## Input data
[Start of section]

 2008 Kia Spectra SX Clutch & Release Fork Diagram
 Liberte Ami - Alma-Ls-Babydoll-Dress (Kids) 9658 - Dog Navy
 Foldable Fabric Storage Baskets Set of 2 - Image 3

[End of section]
[Start of section]

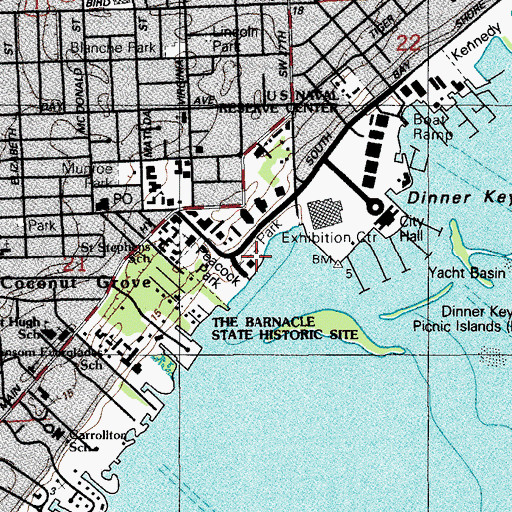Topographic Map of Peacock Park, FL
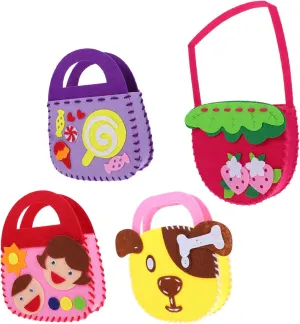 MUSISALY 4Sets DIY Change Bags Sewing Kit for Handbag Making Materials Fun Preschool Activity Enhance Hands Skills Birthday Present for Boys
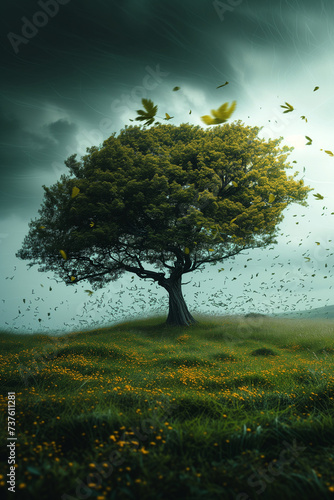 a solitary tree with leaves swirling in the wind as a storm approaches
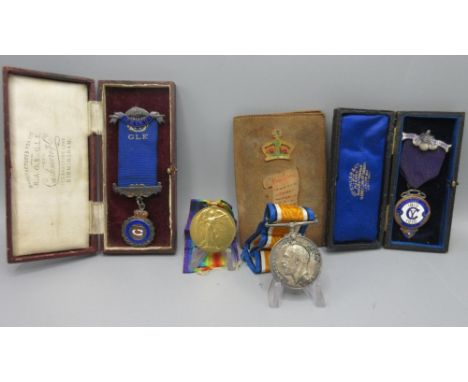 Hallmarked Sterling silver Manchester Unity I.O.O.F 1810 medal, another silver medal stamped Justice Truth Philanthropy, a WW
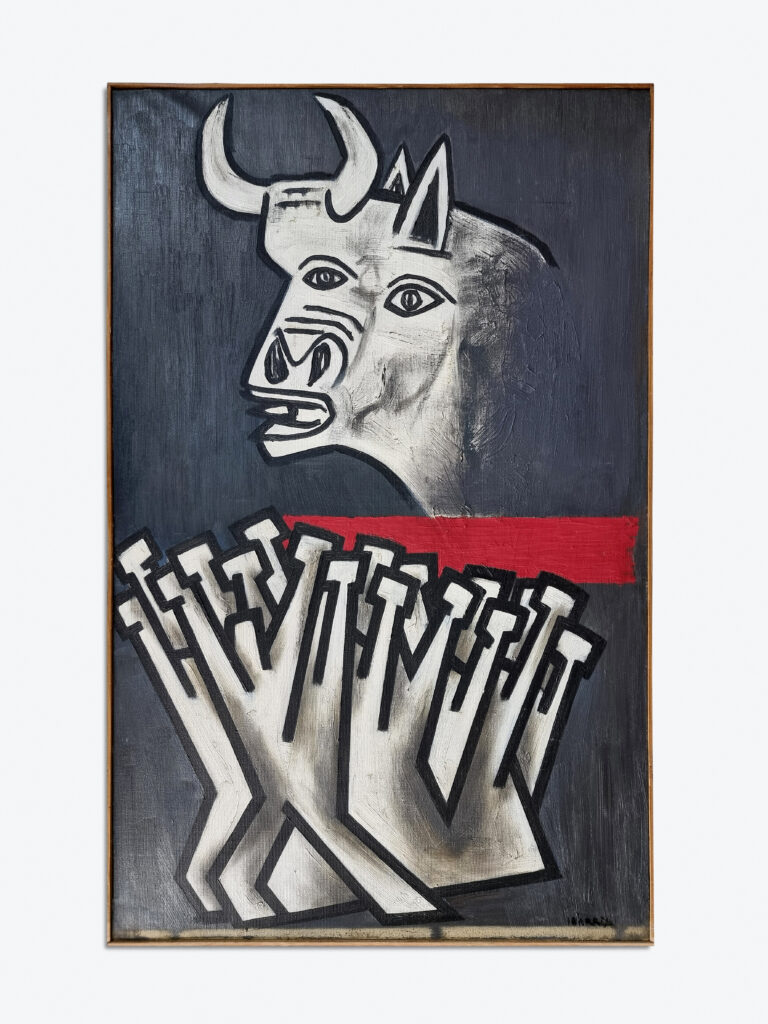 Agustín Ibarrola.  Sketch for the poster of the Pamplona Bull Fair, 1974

[End of section]

## To do
Would you retype the lines above from the one with "2008 Kia Spectra" down to the one with "Foldable Fabric Storage", word for word, both ends included and no other lines?

## Written solution
 2008 Kia Spectra SX Clutch & Release Fork Diagram
 Liberte Ami - Alma-Ls-Babydoll-Dress (Kids) 9658 - Dog Navy
 Foldable Fabric Storage Baskets Set of 2 - Image 3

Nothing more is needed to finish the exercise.